● **Task to carry out**:
The printed result should hold only the lines from the opening of the data through the line bearing "Hi, this is", exactly as given and without pictures.
━━━ Records ━━━
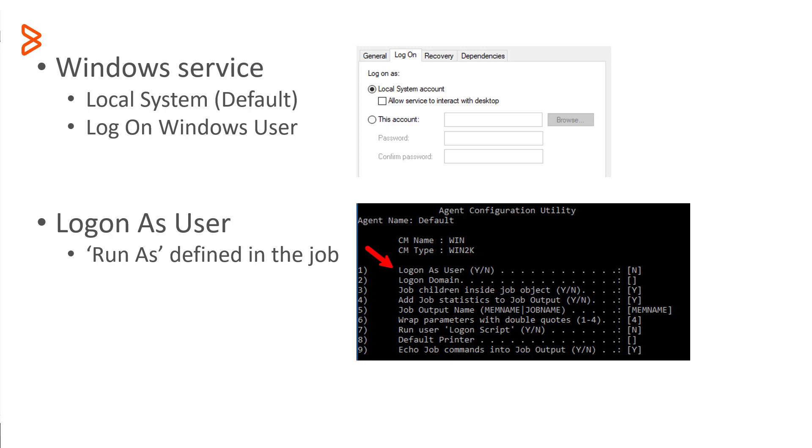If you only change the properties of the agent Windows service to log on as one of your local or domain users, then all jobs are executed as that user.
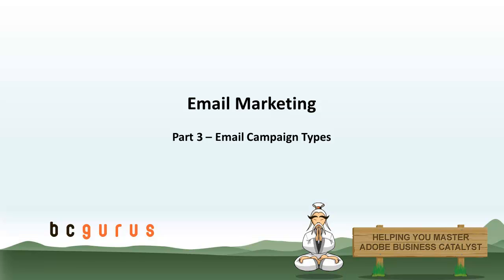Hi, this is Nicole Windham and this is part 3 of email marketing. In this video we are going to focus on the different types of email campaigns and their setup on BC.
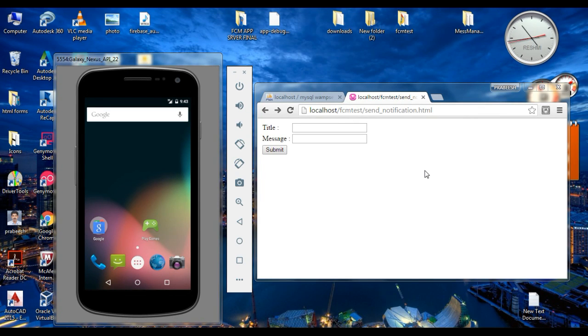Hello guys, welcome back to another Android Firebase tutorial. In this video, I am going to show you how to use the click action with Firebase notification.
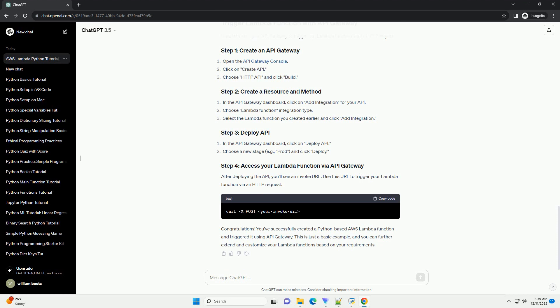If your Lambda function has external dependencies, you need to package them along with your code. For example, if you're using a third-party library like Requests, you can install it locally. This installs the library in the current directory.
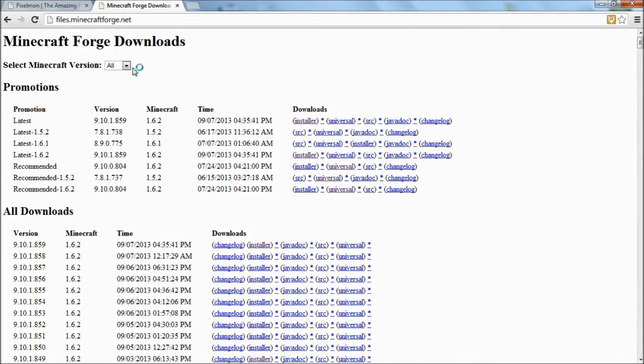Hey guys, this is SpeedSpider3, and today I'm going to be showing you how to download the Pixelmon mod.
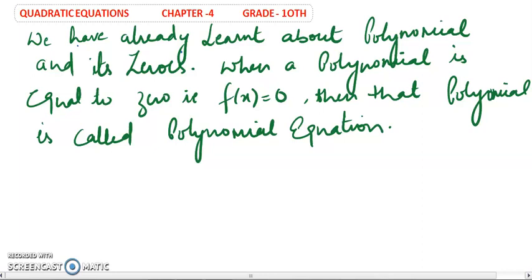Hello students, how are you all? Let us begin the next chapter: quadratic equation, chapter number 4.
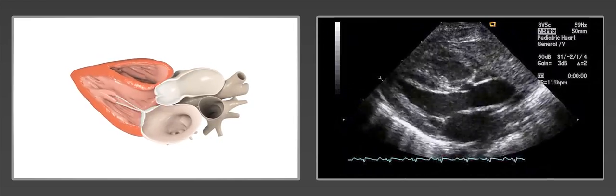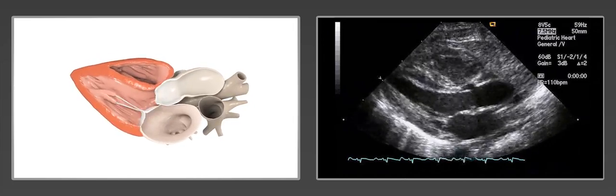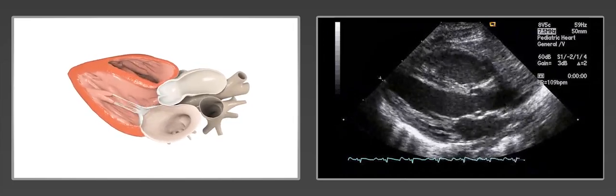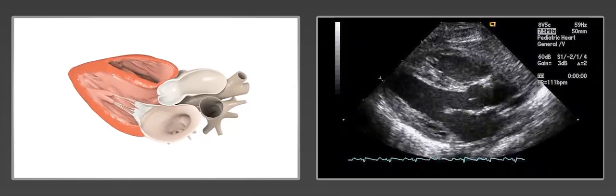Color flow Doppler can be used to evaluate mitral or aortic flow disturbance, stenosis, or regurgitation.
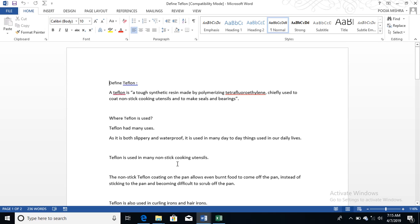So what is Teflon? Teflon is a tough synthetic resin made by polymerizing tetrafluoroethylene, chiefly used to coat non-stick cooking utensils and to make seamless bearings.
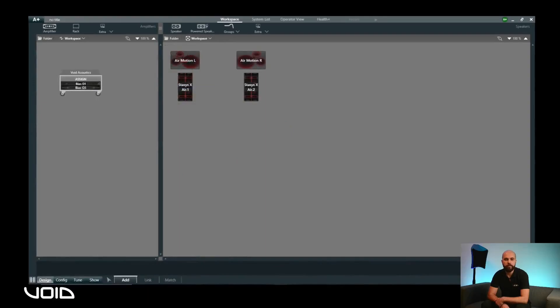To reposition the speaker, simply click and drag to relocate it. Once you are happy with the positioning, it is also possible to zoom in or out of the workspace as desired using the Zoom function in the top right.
━━━
● **Answer for the task**:
If you only change the properties of the agent Windows service to log on as one of your local or domain users, then all jobs are executed as that user.
Hi, this is Nicole Windham and this is part 3 of email marketing. In this video we are going to focus on the different types of email campaigns and their setup on BC.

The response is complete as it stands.